Writers live interesting lives. We toil in solitude, sometimes for weeks on end, churning out words, perfecting our prose, and trying our darnedest to persevere in the face of rejection (after rejection, after rejection…) in pursuit of publication. Our lives can sometimes seem like endless stretches of self-doubt and emotional struggle, punctuated by short-lived – but euphorically high – moments of triumph. Sometimes, it can be hard to slog through those long stretches; when you’re not getting any positive feedback or signs of encouragement, how do you find the courage to keep going?
Personally, I always look for the answer in a book. When I start to feel low or panicky, when I’m faced with a daunting task or a looming deadline, when I get a bad critique or rejection letter, I’ll turn to that shelf mounted just above my desk, the one that’s loaded with books I find to be particularly inspiring. And I crack the spine and turn the pages until I’m feeling good again.
The crazy thing is, it works every time.
Here are just a few of the books that never fail to pick me up when I’m feeling down:
- The War of Art: Break Through the Blocks and Win Your Inner Creative Battles. This might be a considered a classic by writers and creators everywhere. It’s a quick read by Stephen Pressfield, and focuses on methods writers (and all artists) can use to fight back against all those nasty negatives that prevent you from creating your best work – forces Pressfield refers to as “resistance.”

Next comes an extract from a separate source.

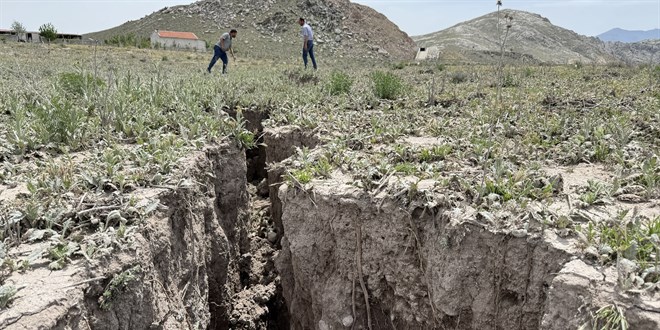 Konya'da 8 metre derinliinde 2,5 kilometrelik 'yzey yar' olutu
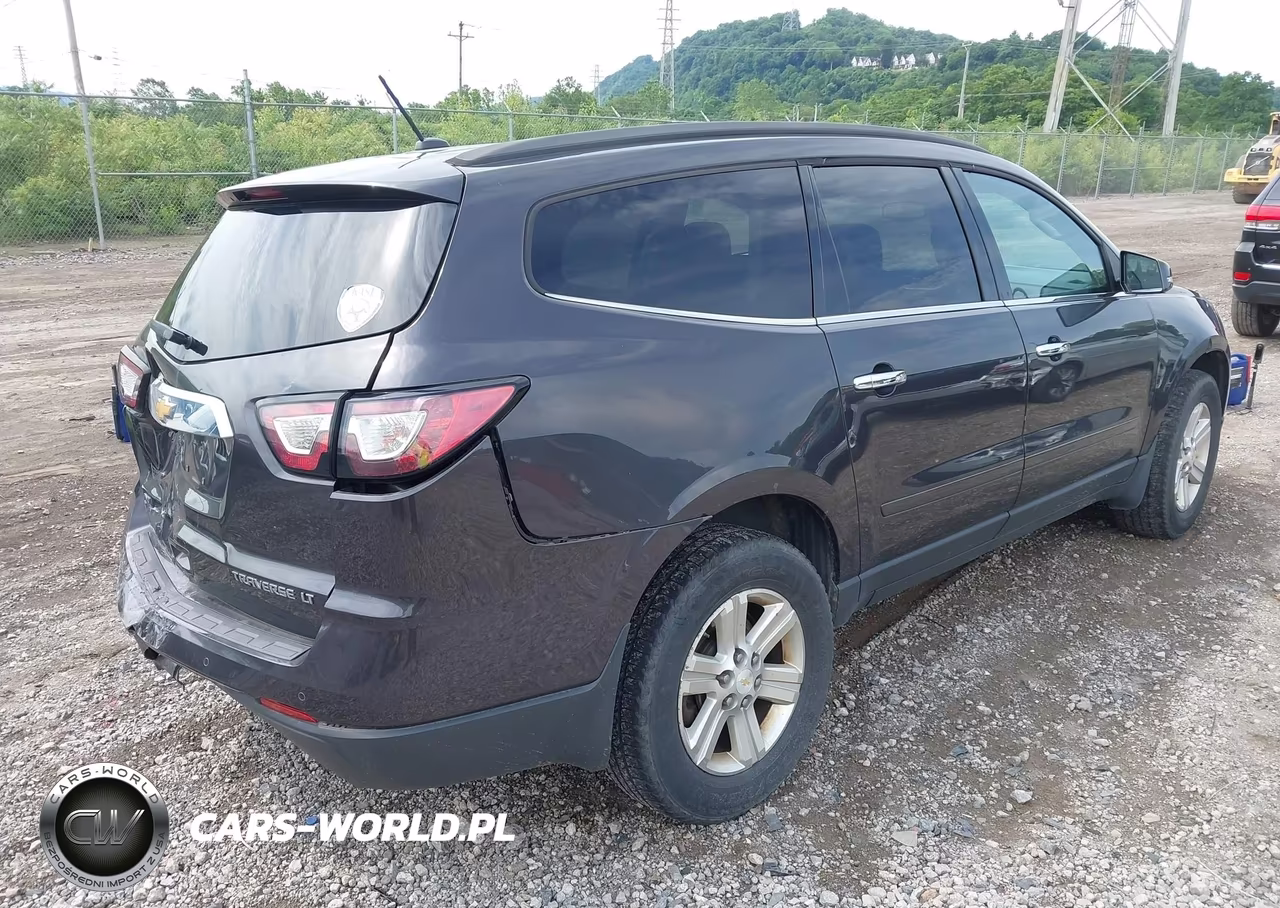 2013 Chevrolet Traverse Lt VIN:1GNKVJKD1DJ265307 - 4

- Big Magic: Creative Living Beyond Fear. This is a new addition to my shelf. Elizabeth Gilbert, the author of Eat, Pray, Love, released this self-help guide in September, which is structured very similarly to The War of Art. Written like a letter from your own personal writing coach, Gilbert draws on her own experiences – both as struggling rejected writer and wildly successful celebrity — and whittles creativity down to its essential elements, which is basically: showing up, doing the work, and not allowing your fear to make any decisions for you. (For an abbreviated version, you can also check out her TED talk.)
- The 7 Habits of Highly Effective People. I know, I know, you’re thinking, “That sounds awfully rigid and business-oriented.” But my favorite part of this best-selling book is where I define my core values, goals, and personal mission statement. I wrote these years ago, and whenever I need to remind myself of what it is I want from life, I read through them and feel reenergized. This is also a handy method for determining what deserves priority and attention in my life, and what merely serves as a distraction from what’s most important to me: namely, my writing.
- Old Favorites. Reading my all-time favorite books in this genre remind me of why I embarked on this journey in the first place. Some of mine include:
- The Queen of Babble series, by Meg Cabot
- Bet Me, by Jennifer Crusie
- Something Borrowed, by Emily Giffin
- Basically anything by Kristan Higgins (who, coincidentally, will be our guest at the November literacy event!)
Hopefully, you found something worthwhile on this list that might help you in your hour of personal writing-related despair. What about you? What are some of your favorite books that inspire you to keep on writing?